To be able to track the uptime of various Reddit sites, I would need a way to continuously poll the endpoints, then send the metrics to a data collector. Verifying the availability of each site could be done with a simple Python script. Below is the relevant code snippet:

        
            def poll(url):
                fullurl = "https://" + url
                r = requests.get(fullurl)
            
                ret = {}
                ret['url'] = url
                ret['status_code'] = r.status_code
                ret['content_length'] = len(r.content)
                ret['request_duration'] = r.elapsed.total_seconds()
                ret['event_time'] = datetime.datetime.today().isoformat()
            
                return ret
                
            urls = ["www.reddit.com", "m.reddit.com", "old.reddit.com"]
            polled_data = list(map(poll, urls))
        
        
Step 2: Collecting the data

Next, I wanted to push the site update metrics to a data aggregator that I could use to analyze and chart the information. The platform I've been most familiar with is Wavefront (now Aria Operations by VMWare). Wavefront provides an ingestion point for a variety of event data streams, as well as a customizable set of charts and dashboards which can be used to visualize the event data in real time.

I could leverage my familiarity with Wavefront to build a demonstration, but since this was an application geared towards Reddit, I was curious about what metric analytics platform that the Reddit infrastructure itself uses. I stumbled upon this blog post, https://www.redditinc.com/blog/scaling-reporting-at-reddit/, which led me to take a look at Imply Polaris.

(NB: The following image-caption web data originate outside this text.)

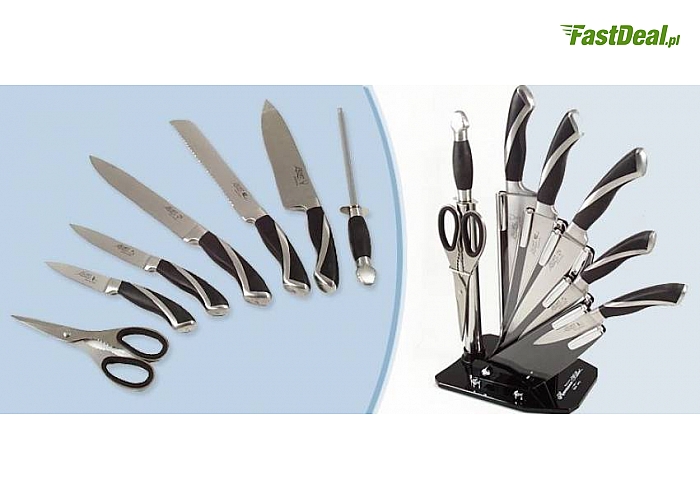 199 zł zamiast 299 zł za komplet EKSKLUZYWNYCH NOŻY Herman Miller model Messina 8 elementów ze sklepu Bergnershop.pl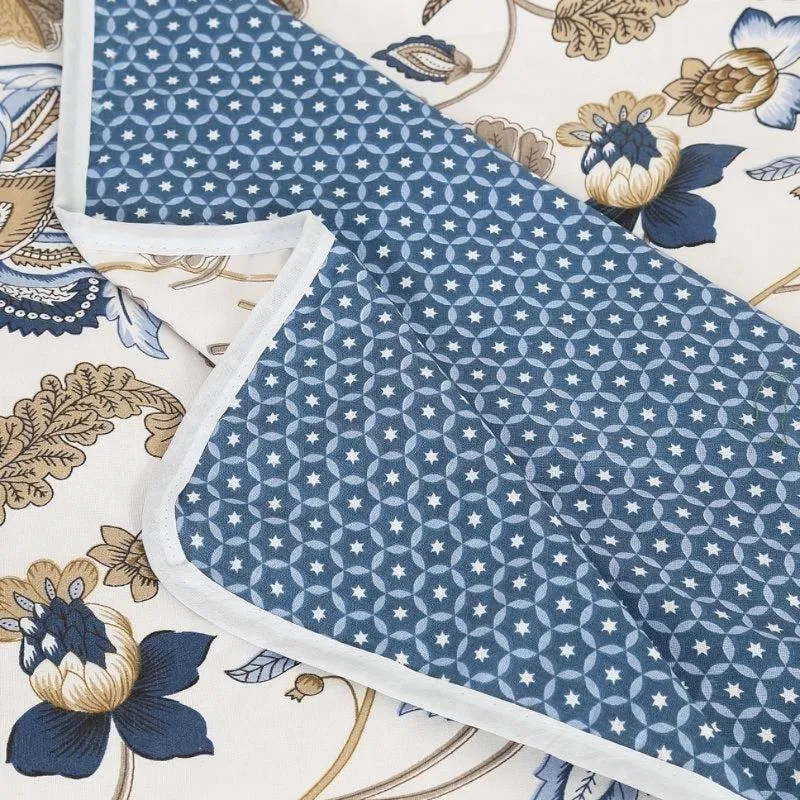 Prisha Floral Reversible Cotton Dohar (Blue) - 180 GSM media 3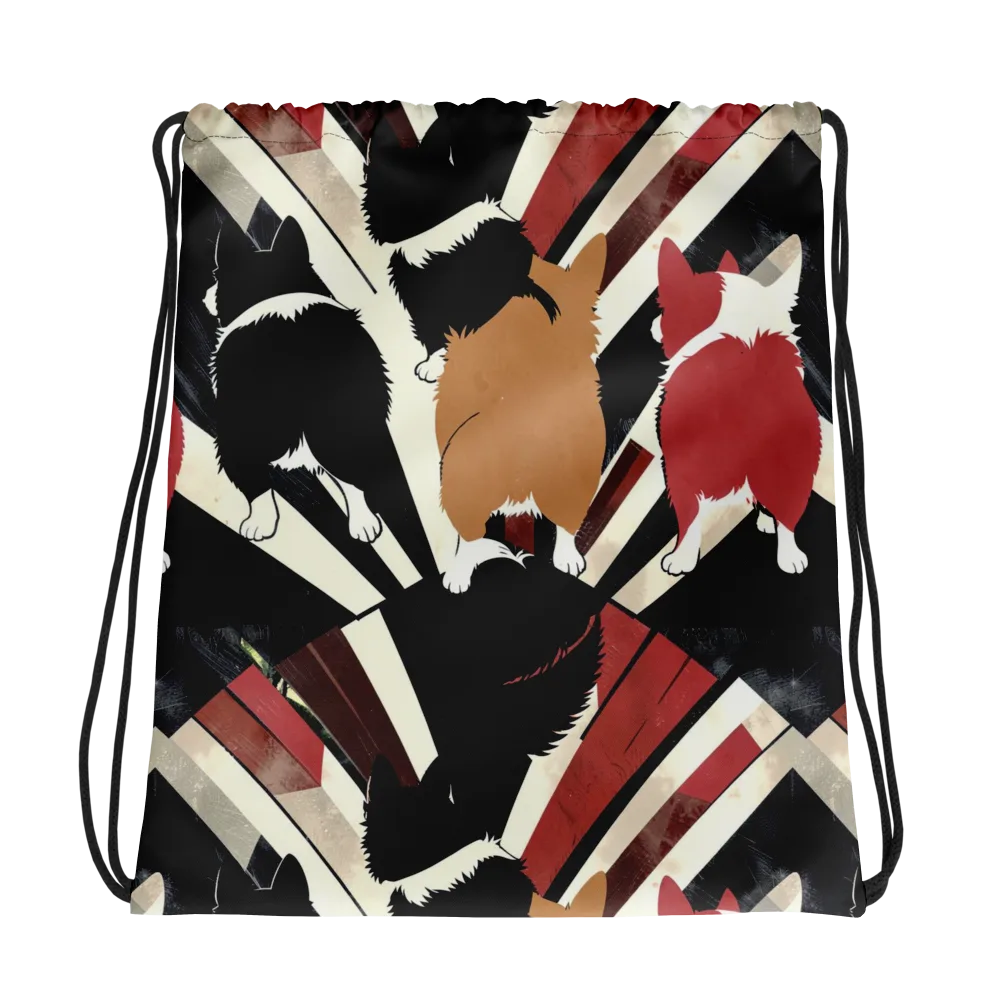 Backstreet Cats on Drawstring Bag — Photo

After reading through the post and Imply's documentation, I concluded that I could use Imply to collect and chart the data from my monitor script - it would be an interesting challenge to apply my previous experience with metric analysis in Wavefront to this new platform!

Imply has a 30-day period to trial their service. I signed up for demo, and began configuring my account to accept push events from my script

Step 3: Analyzing the data

Now that I had data from the site monitor flowing into an aggregator, I could create the charts I wanted to visualize the health of the Reddit websites I was checking. I created a dashboard to house the charts:

The top section displays the current status of all sites. Each subsequent section will contain more detailed information about each site being monitored.

Step 4: Future Work

This endeavor is truely a work in progress. I am currently spending time fleshing-out the remaining charts and cleaning-up this look to both the visualization and this site. Please check back often!

In addition to the above, there are several directions I would like to go in to make a more complete demonstration of site monitoring:

  • Deriving info
    • Chart to compare current metric performance against past performance
    • I.e., show current + last week + last 2 week, etc
  • Letting the data soak
    • Seeing what patterns develop over the course of a week
    • I.e., what are daily trends? Weekly trends?